• [What the task requires]:
Since the listing below shows pictures, leave them out and write out exactly the lines from the line with "gl86201 | Toms Modelautos" to the line with "Металлическая табличка Ford", both included, and no others.

• [Data section]:
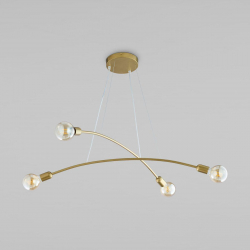 Подвесная люстра TK Lighting 2727 Helix Gold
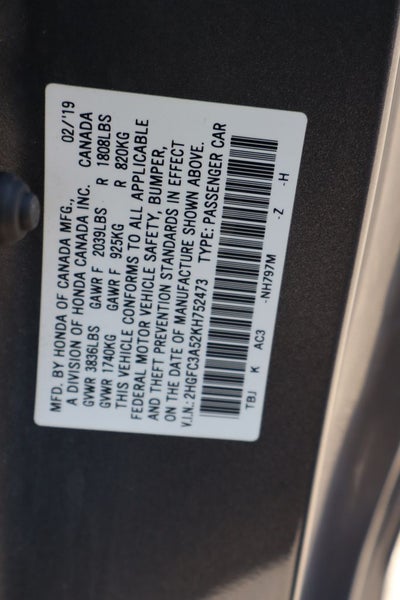2019 Honda Civic Si
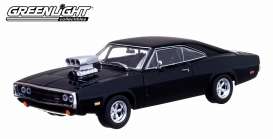 Dodge  - 1970 black - 1:43 - GreenLight - 86201 - gl86201 | Toms Modelautos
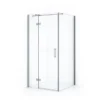 Diamond Douchecabine | 100x100 Cm Chroom Helder Glas Draaideur Vierkant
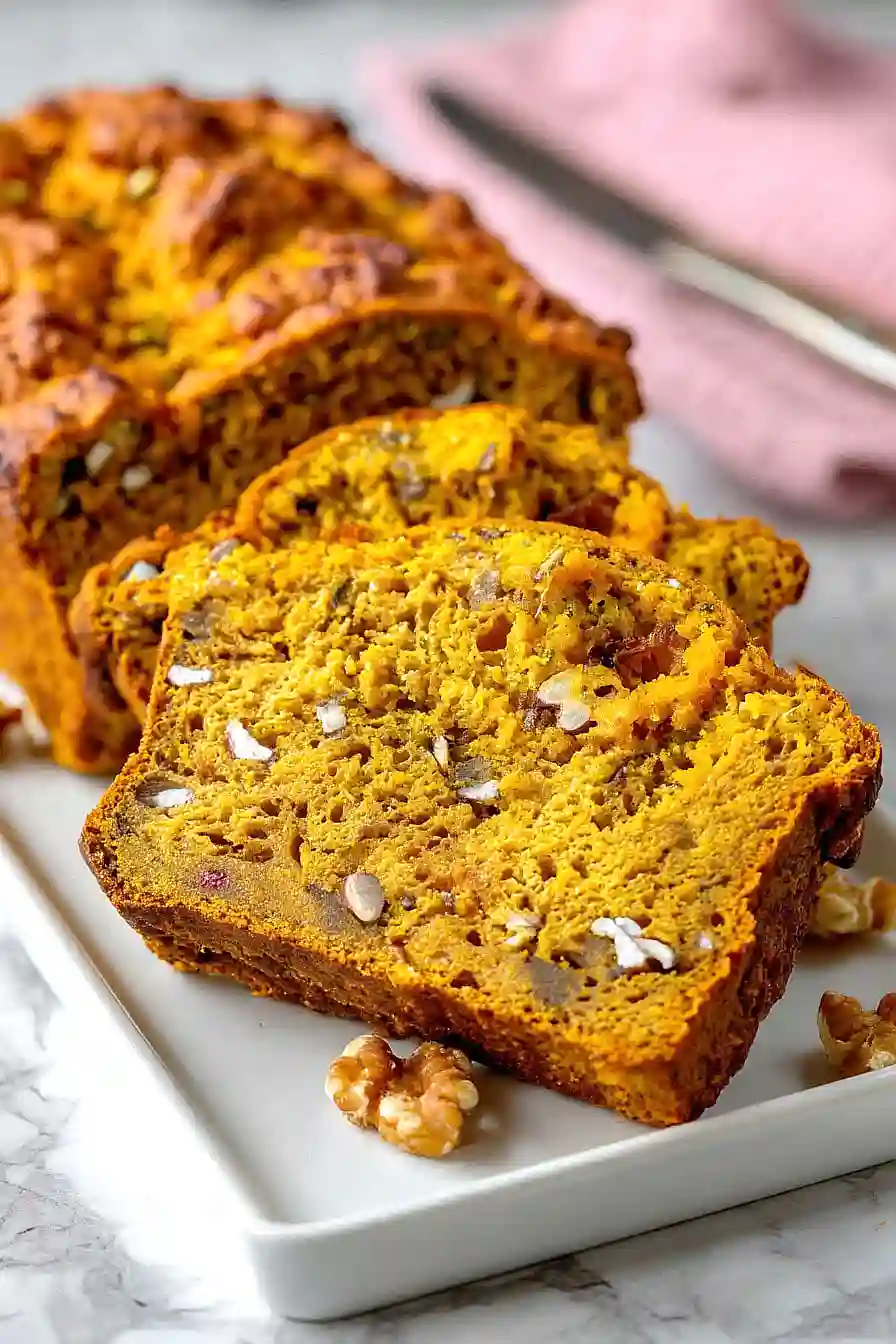 pumpkin banana zucchini bread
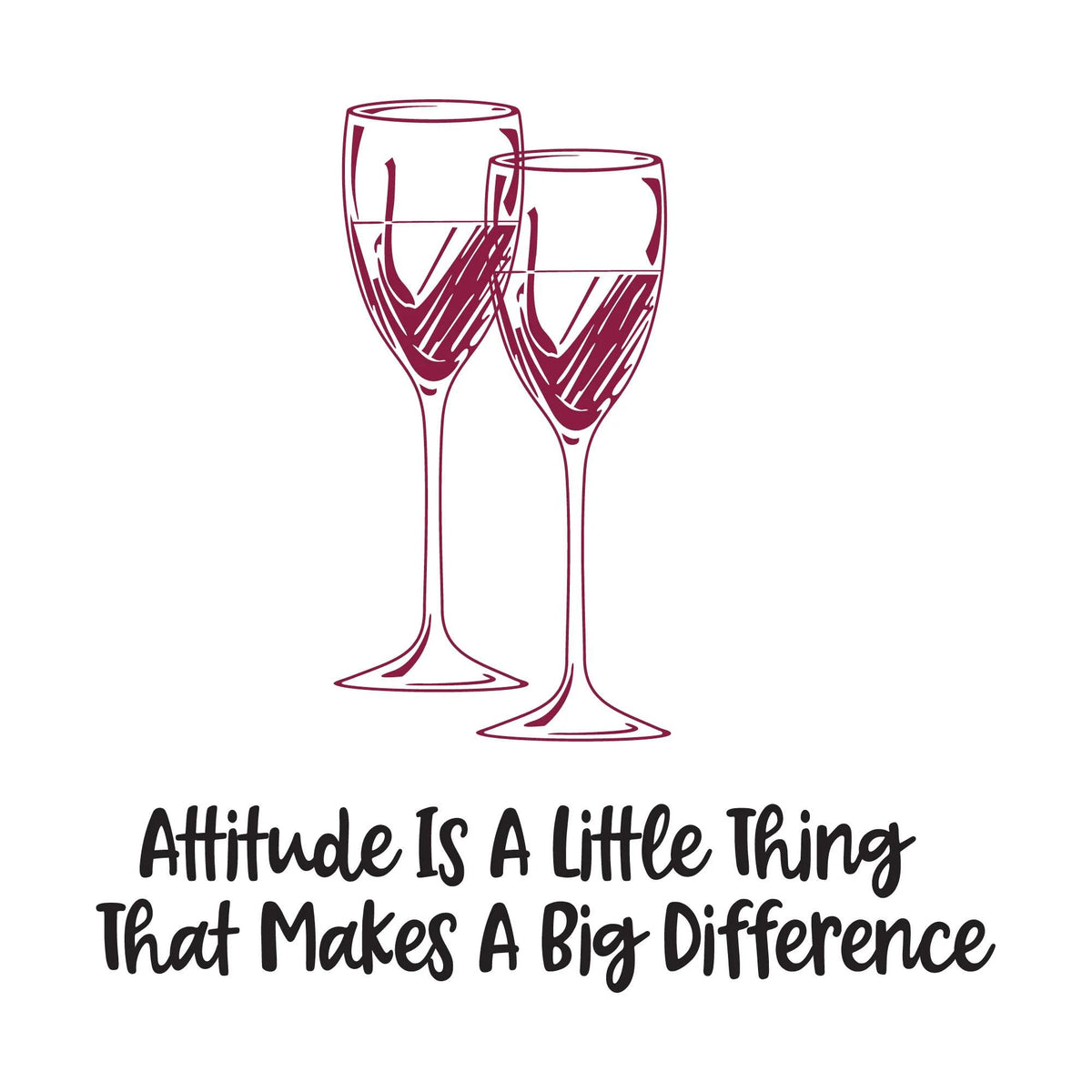 Wine Glasses Wall Decal Sticker 30 In X 30 In Q4794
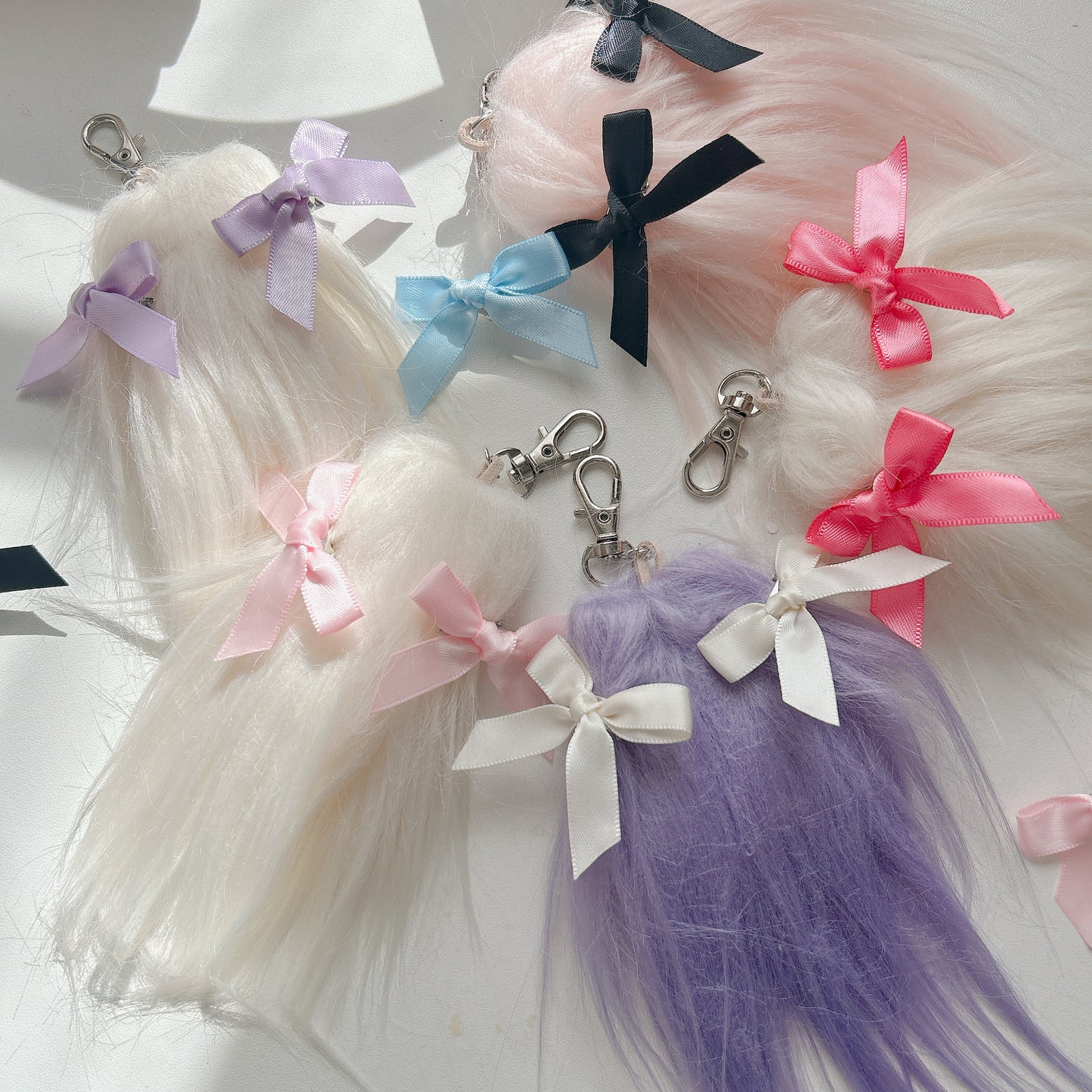 Furry baby Bag Charm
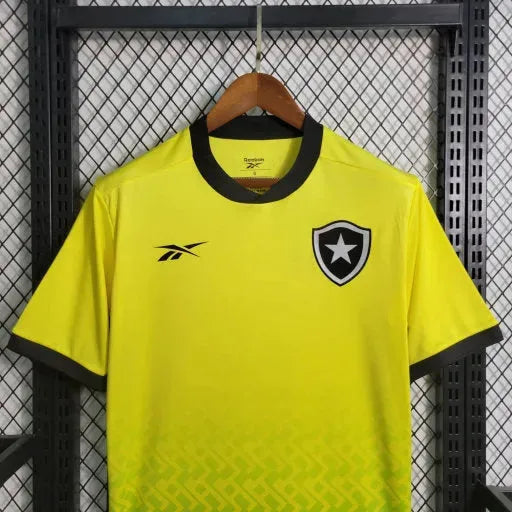 "Camisa Bota Fogo Treino 23/24 - Torcedor Masculina Amarela - Netmantos"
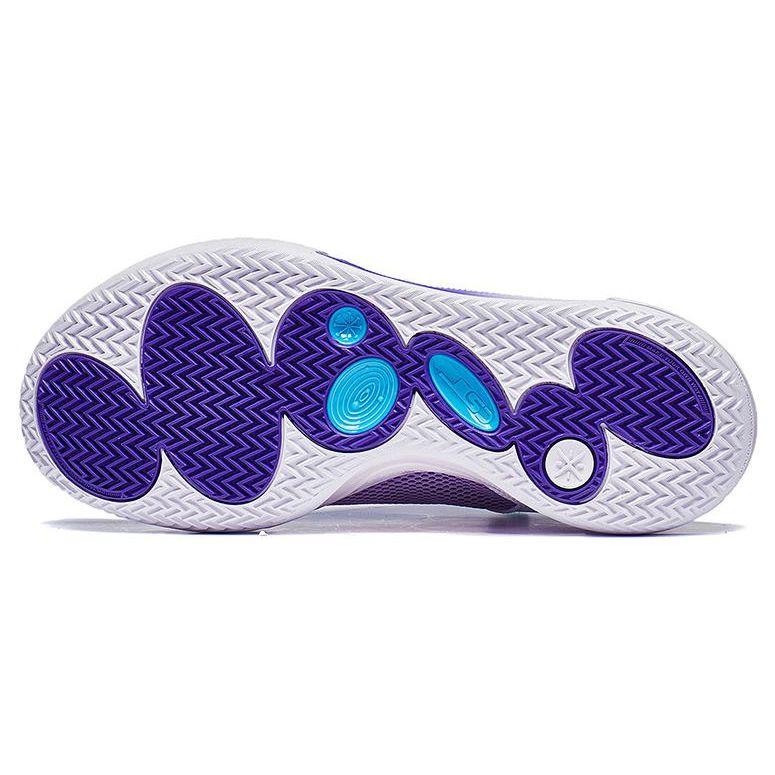 Li-Ning Мужские кроссовки Wade All City 11 Snowberg фиолетовые флуоресцентно-синие фиолетовые ABAT031-3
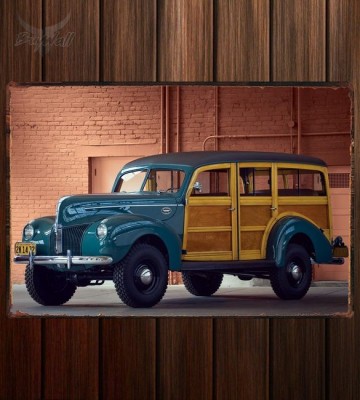 Металлическая табличка Ford Standard Station Wagon by Marmon-Herrington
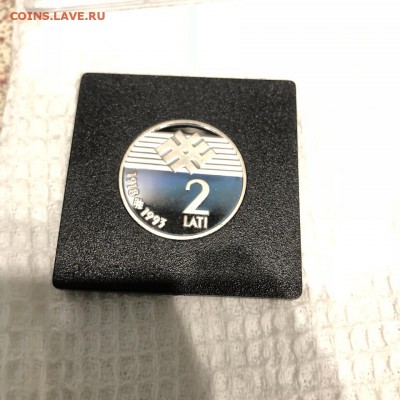 Латвия 75 лет Латвийской республике (proof) до 24.12 - 7DF0B699-5882-4C15-ADE4-A68082D571D9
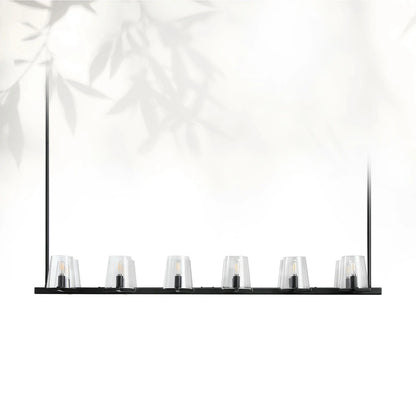Paricia Glass Linear Chandelier 49"60"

• [Solution]:
 Dodge  - 1970 black - 1:43 - GreenLight - 86201 - gl86201 | Toms Modelautos
 Diamond Douchecabine | 100x100 Cm Chroom Helder Glas Draaideur Vierkant
 pumpkin banana zucchini bread
 Wine Glasses Wall Decal Sticker 30 In X 30 In Q4794
 Furry baby Bag Charm
 "Camisa Bota Fogo Treino 23/24 - Torcedor Masculina Amarela - Netmantos"
 Li-Ning Мужские кроссовки Wade All City 11 Snowberg фиолетовые флуоресцентно-синие фиолетовые ABAT031-3
 Металлическая табличка Ford Standard Station Wagon by Marmon-Herrington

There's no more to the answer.